# Current time between placing an EOI and getting a response



## BlackBelt (Jan 18, 2011)

Does anyone know the current time it takes between filling out the EOI and getting an invitation? This would be for visa 189 (independent skilled). From what I reckon I would have 70 points.


----------



## chandu_799 (Oct 31, 2012)

BlackBelt said:


> Does anyone know the current time it takes between filling out the EOI and getting an invitation? This would be for visa 189 (independent skilled). From what I reckon I would have 70 points.


if you quality for 70pts and have all evidences (skill assessment, IELTS score etc..) then you will get invitation in the next round with 99% probability. People with 60pts got invited in previous rounds, with 70pts you will surely get invited even if you successfully lodge EOI hours before the automatic invitation. That's what the beauty of skill select. Applicants with higher pts will get invited first


----------



## BlackBelt (Jan 18, 2011)

Awesome. Thanks for the quick reply. I was reading more about this at the last "tab" at SkillSelect's website, under "reports." From what I understood, they have 1 or 2 rounds per month. So we are talking about a VERY QUICK invitation time.

Therefore, I guess the best would be to have all documents (IELST, police certificates, university transcripts etc.), all ready and translated and the equivalency (assessment) performed BEFORE filling out the EOI, is that correct?

Thank you once again.


----------



## varuni (May 22, 2012)

BlackBelt said:


> Awesome. Thanks for the quick reply. I was reading more about this at the last "tab" at SkillSelect's website, under "reports." From what I understood, they have 1 or 2 rounds per month.
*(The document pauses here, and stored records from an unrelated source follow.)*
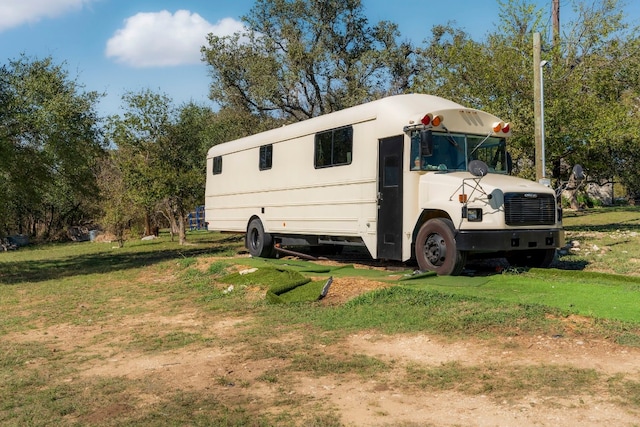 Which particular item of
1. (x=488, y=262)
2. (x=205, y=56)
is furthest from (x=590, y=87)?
(x=205, y=56)

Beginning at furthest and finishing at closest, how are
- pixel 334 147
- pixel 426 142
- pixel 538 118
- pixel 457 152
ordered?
pixel 538 118 < pixel 334 147 < pixel 457 152 < pixel 426 142

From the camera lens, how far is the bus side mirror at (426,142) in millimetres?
10352

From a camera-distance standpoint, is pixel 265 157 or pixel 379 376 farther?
pixel 265 157

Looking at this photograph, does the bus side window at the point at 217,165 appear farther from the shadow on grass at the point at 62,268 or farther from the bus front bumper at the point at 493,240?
the bus front bumper at the point at 493,240

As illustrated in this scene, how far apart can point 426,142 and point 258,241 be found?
661 centimetres

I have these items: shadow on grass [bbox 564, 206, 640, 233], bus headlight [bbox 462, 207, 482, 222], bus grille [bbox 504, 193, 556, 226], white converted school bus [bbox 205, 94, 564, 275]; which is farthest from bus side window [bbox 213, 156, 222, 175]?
shadow on grass [bbox 564, 206, 640, 233]

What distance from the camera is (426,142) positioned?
10.4 meters

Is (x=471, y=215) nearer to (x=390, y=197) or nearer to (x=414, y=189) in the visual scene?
(x=414, y=189)

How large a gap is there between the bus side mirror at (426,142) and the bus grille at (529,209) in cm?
148

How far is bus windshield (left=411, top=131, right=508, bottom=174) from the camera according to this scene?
422 inches

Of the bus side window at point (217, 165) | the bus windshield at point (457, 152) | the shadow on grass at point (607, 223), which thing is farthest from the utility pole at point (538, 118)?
the bus side window at point (217, 165)

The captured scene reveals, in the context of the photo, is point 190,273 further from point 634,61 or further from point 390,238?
point 634,61

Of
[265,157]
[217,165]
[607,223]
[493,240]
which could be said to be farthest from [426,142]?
[607,223]

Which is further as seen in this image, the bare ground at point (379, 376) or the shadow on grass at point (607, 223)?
the shadow on grass at point (607, 223)
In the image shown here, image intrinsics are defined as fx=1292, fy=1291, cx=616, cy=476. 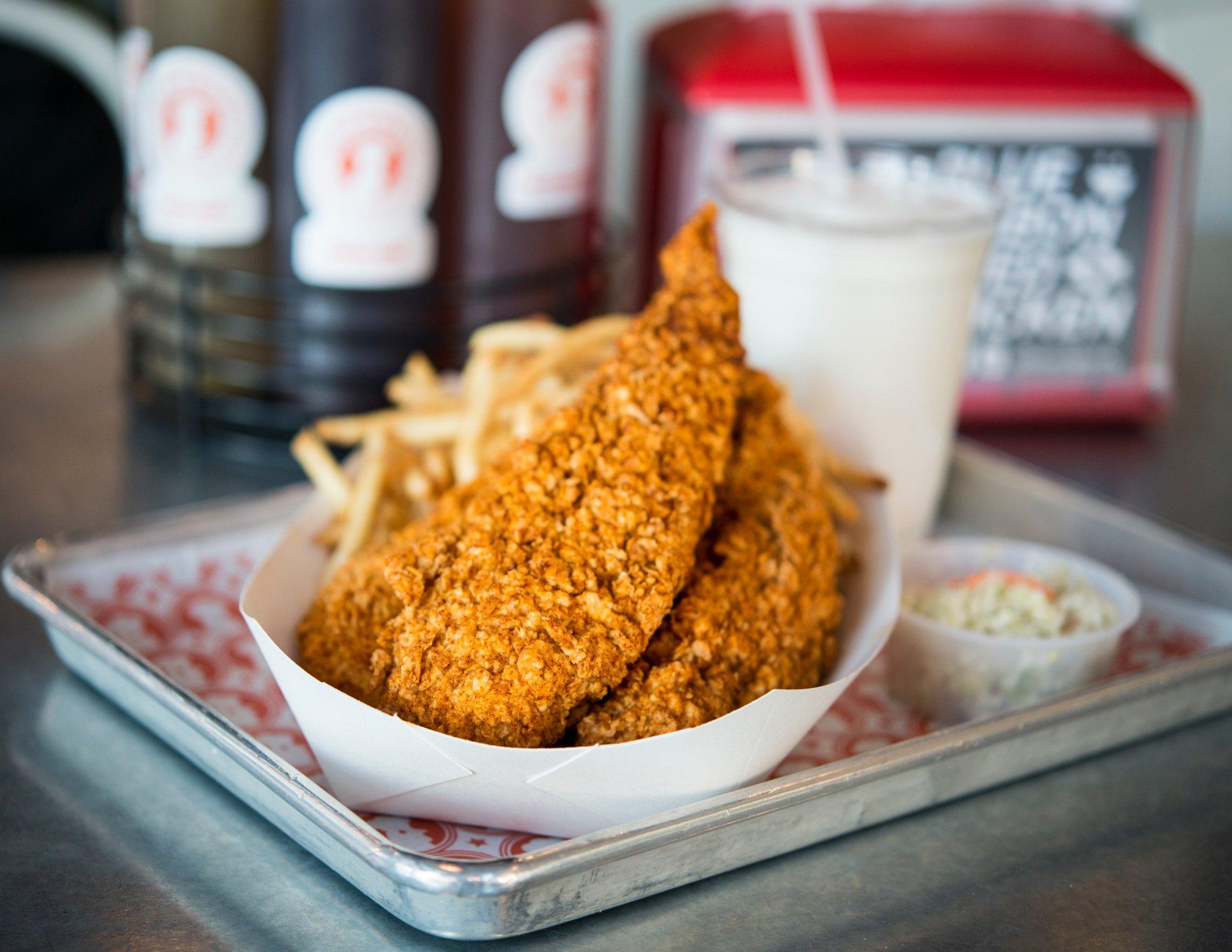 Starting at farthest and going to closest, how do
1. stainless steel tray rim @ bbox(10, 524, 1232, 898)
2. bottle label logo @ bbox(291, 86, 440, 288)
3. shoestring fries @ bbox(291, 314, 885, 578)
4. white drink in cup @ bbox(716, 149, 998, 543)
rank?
bottle label logo @ bbox(291, 86, 440, 288)
white drink in cup @ bbox(716, 149, 998, 543)
shoestring fries @ bbox(291, 314, 885, 578)
stainless steel tray rim @ bbox(10, 524, 1232, 898)

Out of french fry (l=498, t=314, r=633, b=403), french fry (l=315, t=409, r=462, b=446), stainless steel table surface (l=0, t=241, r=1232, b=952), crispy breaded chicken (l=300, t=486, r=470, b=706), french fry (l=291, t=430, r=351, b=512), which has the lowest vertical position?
stainless steel table surface (l=0, t=241, r=1232, b=952)

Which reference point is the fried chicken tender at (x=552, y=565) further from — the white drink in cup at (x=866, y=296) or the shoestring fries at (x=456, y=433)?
the white drink in cup at (x=866, y=296)

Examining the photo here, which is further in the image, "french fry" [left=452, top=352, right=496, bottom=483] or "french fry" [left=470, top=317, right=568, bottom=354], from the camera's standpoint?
"french fry" [left=470, top=317, right=568, bottom=354]

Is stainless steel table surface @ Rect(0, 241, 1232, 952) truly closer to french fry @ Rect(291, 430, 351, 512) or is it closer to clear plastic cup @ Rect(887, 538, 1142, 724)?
clear plastic cup @ Rect(887, 538, 1142, 724)

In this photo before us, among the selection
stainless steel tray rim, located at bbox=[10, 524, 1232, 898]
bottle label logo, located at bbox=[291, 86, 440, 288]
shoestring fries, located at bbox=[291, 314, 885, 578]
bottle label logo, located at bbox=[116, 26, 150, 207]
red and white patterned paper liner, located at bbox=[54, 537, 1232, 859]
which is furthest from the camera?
bottle label logo, located at bbox=[116, 26, 150, 207]

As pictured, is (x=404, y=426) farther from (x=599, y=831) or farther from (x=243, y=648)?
(x=599, y=831)

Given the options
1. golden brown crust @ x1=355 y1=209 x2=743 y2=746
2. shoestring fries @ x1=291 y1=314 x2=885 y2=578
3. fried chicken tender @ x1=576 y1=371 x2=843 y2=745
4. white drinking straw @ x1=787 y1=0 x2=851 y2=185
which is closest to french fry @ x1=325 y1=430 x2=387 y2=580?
shoestring fries @ x1=291 y1=314 x2=885 y2=578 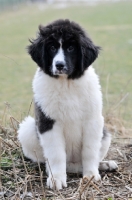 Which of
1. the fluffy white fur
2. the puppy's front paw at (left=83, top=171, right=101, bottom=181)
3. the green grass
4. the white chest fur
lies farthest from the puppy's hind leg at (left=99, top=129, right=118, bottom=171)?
the green grass

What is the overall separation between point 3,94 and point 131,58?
280 inches

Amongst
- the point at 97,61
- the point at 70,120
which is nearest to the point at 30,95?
the point at 97,61

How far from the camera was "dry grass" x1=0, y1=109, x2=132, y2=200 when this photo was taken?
381 cm

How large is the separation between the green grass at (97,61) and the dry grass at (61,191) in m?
1.14

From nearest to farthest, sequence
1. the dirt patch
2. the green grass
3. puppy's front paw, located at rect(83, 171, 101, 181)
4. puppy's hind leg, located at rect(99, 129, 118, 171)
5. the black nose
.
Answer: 1. the dirt patch
2. the black nose
3. puppy's front paw, located at rect(83, 171, 101, 181)
4. puppy's hind leg, located at rect(99, 129, 118, 171)
5. the green grass

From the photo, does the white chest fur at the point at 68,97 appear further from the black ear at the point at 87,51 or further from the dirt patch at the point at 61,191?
the dirt patch at the point at 61,191

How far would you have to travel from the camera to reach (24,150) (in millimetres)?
4699

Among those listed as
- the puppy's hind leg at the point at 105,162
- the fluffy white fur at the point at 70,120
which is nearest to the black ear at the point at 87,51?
the fluffy white fur at the point at 70,120

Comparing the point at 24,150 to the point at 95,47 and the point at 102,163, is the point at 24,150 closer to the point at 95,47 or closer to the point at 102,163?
the point at 102,163

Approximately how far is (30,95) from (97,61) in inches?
137

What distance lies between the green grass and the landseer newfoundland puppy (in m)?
0.68

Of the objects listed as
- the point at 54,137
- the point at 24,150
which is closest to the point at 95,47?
the point at 54,137

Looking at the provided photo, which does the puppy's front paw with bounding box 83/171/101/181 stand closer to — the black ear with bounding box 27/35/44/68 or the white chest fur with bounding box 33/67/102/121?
the white chest fur with bounding box 33/67/102/121

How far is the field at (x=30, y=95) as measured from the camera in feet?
13.4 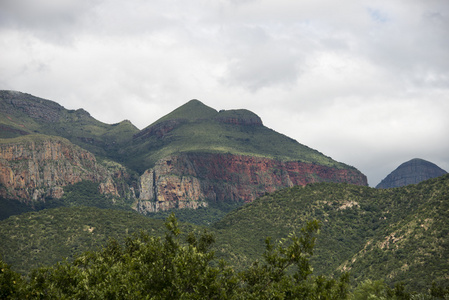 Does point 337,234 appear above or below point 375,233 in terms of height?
below

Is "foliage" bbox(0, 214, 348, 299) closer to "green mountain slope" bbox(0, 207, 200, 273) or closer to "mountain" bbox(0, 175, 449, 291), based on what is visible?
"mountain" bbox(0, 175, 449, 291)

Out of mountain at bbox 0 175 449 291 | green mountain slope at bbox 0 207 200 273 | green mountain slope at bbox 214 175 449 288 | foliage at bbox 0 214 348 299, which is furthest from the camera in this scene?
green mountain slope at bbox 0 207 200 273

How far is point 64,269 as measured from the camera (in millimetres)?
49531

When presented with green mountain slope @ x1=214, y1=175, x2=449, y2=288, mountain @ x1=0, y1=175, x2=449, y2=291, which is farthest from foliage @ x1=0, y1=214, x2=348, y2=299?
green mountain slope @ x1=214, y1=175, x2=449, y2=288

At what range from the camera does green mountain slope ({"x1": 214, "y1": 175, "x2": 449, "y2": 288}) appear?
11125 centimetres

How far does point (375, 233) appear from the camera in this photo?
169m

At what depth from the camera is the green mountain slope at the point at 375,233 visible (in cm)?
11125

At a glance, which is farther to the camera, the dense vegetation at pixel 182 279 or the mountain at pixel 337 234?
the mountain at pixel 337 234

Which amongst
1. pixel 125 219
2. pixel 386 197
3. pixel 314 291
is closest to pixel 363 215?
pixel 386 197

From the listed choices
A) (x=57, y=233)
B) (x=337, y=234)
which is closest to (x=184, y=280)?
(x=57, y=233)

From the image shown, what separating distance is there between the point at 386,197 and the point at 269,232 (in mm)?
51856

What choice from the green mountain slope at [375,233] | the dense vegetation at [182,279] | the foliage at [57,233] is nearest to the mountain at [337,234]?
the foliage at [57,233]

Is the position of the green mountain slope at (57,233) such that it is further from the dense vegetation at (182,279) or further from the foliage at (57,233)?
the dense vegetation at (182,279)

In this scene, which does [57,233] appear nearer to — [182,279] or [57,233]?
[57,233] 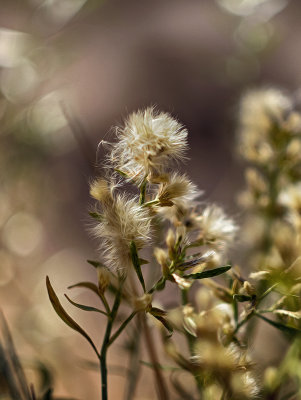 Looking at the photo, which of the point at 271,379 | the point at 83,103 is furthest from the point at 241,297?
the point at 83,103

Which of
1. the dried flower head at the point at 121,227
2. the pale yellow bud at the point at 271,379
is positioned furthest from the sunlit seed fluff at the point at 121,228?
the pale yellow bud at the point at 271,379

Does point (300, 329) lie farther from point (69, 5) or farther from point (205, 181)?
point (205, 181)

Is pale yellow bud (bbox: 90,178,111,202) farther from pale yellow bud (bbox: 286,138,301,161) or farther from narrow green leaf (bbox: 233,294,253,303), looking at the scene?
pale yellow bud (bbox: 286,138,301,161)

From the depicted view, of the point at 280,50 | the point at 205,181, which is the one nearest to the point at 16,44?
the point at 205,181

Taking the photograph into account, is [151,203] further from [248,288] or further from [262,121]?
[262,121]

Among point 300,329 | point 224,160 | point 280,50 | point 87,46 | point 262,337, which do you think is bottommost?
point 262,337

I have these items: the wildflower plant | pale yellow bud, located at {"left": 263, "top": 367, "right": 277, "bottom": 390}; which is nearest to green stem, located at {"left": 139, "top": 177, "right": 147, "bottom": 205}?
the wildflower plant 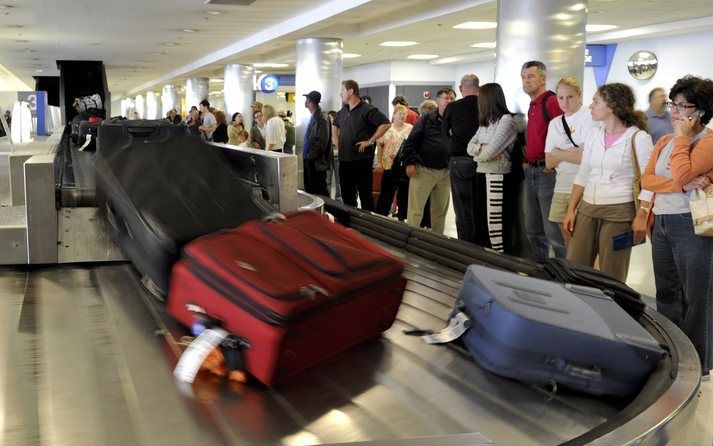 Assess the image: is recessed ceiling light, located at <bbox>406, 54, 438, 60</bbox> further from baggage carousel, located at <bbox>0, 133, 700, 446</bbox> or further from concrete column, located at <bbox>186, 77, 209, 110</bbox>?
baggage carousel, located at <bbox>0, 133, 700, 446</bbox>

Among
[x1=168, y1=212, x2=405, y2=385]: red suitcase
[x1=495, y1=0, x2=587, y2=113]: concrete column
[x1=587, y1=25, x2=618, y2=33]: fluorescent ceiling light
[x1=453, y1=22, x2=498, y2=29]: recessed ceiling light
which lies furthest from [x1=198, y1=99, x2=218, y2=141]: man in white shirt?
[x1=168, y1=212, x2=405, y2=385]: red suitcase

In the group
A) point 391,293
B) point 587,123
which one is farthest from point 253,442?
point 587,123

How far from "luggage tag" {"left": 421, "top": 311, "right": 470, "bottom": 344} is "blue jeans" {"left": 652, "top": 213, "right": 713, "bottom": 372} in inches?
66.9

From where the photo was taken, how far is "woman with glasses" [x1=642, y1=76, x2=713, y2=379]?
3.60 m

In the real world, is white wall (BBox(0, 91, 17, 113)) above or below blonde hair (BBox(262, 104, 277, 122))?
above

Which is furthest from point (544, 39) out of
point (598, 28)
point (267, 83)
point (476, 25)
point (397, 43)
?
point (267, 83)

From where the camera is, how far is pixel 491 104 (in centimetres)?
566

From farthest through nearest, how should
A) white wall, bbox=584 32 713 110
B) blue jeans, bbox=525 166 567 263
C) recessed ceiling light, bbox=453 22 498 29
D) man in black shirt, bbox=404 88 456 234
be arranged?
white wall, bbox=584 32 713 110 → recessed ceiling light, bbox=453 22 498 29 → man in black shirt, bbox=404 88 456 234 → blue jeans, bbox=525 166 567 263

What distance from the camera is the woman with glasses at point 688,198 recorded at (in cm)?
360

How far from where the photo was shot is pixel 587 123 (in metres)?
4.96

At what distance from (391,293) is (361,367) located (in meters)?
0.28

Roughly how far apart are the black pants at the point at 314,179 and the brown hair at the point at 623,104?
4710mm

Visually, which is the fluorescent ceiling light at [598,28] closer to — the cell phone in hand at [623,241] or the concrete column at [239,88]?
the concrete column at [239,88]

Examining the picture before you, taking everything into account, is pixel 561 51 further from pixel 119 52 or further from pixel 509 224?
pixel 119 52
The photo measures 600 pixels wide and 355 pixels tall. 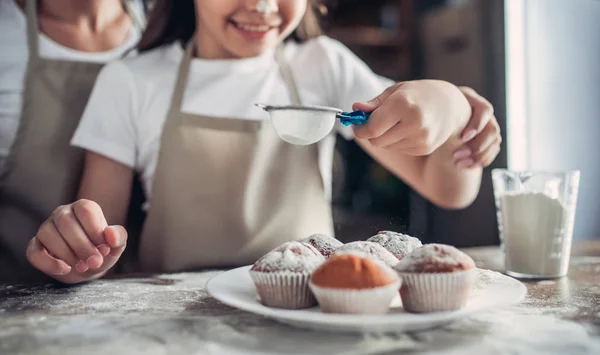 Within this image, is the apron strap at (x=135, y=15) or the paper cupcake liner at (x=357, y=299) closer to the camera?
the paper cupcake liner at (x=357, y=299)

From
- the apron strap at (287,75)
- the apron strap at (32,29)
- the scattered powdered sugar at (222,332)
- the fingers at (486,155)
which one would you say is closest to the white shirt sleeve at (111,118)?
the apron strap at (32,29)

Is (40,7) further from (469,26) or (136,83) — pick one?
(469,26)

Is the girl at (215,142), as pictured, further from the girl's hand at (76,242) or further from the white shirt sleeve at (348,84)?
the girl's hand at (76,242)

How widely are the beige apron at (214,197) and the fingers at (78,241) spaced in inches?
12.8

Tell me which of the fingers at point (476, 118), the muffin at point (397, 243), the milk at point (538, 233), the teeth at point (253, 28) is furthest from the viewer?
the teeth at point (253, 28)

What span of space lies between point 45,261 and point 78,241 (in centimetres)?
7

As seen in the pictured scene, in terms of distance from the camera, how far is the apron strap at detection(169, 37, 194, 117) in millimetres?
1041

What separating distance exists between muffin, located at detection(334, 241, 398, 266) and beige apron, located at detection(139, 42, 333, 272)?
438mm

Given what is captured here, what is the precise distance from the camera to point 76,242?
27.0 inches

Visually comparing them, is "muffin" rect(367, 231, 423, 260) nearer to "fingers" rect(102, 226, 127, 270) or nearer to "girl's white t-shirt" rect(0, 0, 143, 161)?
"fingers" rect(102, 226, 127, 270)

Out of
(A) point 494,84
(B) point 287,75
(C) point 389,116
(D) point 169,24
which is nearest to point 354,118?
(C) point 389,116

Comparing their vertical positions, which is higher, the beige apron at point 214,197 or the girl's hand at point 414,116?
the girl's hand at point 414,116

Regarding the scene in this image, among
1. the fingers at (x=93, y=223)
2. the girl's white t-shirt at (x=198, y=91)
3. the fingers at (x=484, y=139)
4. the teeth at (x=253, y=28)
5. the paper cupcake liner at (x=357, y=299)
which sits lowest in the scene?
the paper cupcake liner at (x=357, y=299)

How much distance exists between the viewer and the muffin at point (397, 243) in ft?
2.10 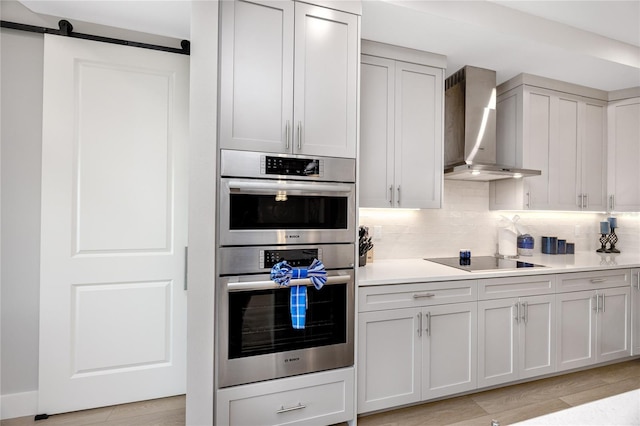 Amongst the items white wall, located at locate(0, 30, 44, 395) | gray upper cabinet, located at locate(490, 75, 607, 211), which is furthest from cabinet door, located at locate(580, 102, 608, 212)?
white wall, located at locate(0, 30, 44, 395)

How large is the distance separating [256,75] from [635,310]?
366 centimetres

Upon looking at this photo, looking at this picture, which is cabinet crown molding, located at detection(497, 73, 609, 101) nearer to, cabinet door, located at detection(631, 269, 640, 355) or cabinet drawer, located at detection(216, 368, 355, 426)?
cabinet door, located at detection(631, 269, 640, 355)

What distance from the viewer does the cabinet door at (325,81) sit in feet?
5.58

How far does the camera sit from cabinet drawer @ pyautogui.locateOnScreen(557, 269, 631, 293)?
2.35 metres

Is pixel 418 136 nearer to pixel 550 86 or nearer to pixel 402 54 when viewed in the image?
pixel 402 54

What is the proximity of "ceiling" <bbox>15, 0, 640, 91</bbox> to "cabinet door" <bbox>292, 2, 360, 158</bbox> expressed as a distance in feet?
0.98

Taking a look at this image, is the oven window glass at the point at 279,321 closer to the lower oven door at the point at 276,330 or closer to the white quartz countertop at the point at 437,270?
the lower oven door at the point at 276,330

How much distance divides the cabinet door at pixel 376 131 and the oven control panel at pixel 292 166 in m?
0.58

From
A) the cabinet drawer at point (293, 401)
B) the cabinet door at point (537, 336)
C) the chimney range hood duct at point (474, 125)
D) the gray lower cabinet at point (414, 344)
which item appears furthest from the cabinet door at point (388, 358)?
the chimney range hood duct at point (474, 125)

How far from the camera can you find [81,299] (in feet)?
6.48

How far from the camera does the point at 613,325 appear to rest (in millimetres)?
2543

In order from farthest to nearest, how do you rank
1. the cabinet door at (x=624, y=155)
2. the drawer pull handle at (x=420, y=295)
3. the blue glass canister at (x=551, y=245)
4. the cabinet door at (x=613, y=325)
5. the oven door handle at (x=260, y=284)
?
the blue glass canister at (x=551, y=245) → the cabinet door at (x=624, y=155) → the cabinet door at (x=613, y=325) → the drawer pull handle at (x=420, y=295) → the oven door handle at (x=260, y=284)

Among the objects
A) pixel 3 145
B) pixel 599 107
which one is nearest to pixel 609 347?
pixel 599 107

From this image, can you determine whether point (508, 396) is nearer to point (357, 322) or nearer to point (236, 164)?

So we are talking about a VERY QUICK invitation time.
> 
> Therefore, I guess the best would be to have all documents (IELST, police certificates, university transcripts etc.), all ready and translated and the equivalency (assessment) performed BEFORE filling out the EOI, is that correct?
> 
> Thank you once again.



Hello Blackbelt, 

Let me attempt to throw some light into the process, feel free to shoot any doubts:

The Skilled migration process for 189 Visa:

Step-1: Filing of EoI - An online process where you feed information about your credentials in a SkillSelect website.

Requirements:
1) Skill/Experience needs to be assessed from respective assessment body - For example: If you are a Electrical Engineer, you need to submit for assessment (either CDR or Sydney Accord) to Engineers Australia and have received a skill assessment positive. This REFERENCE NUMBER need to be filled during EoI submission

2) IELTS - Need to appear for General assessment and if you are claiming points for IELTS band score, need the TRF readily available

3) Qualification - Need to be assessed by respective body. Example: For Electrical Engineering, it is Engineers Australia


Step-2: After filing for EoI, based on your claimed points, you will receive an automatic invite to file for a Visa Application

Step-3: While filing Visa application you need to upload the documents as suporting evidence for all your claims in EoI. In simple understanding, if you have claimed IELTS score of 7 band in all modules, you need to upload TRF form. If you fail to do so, your claims are considered falsified and you will be rejected Visa.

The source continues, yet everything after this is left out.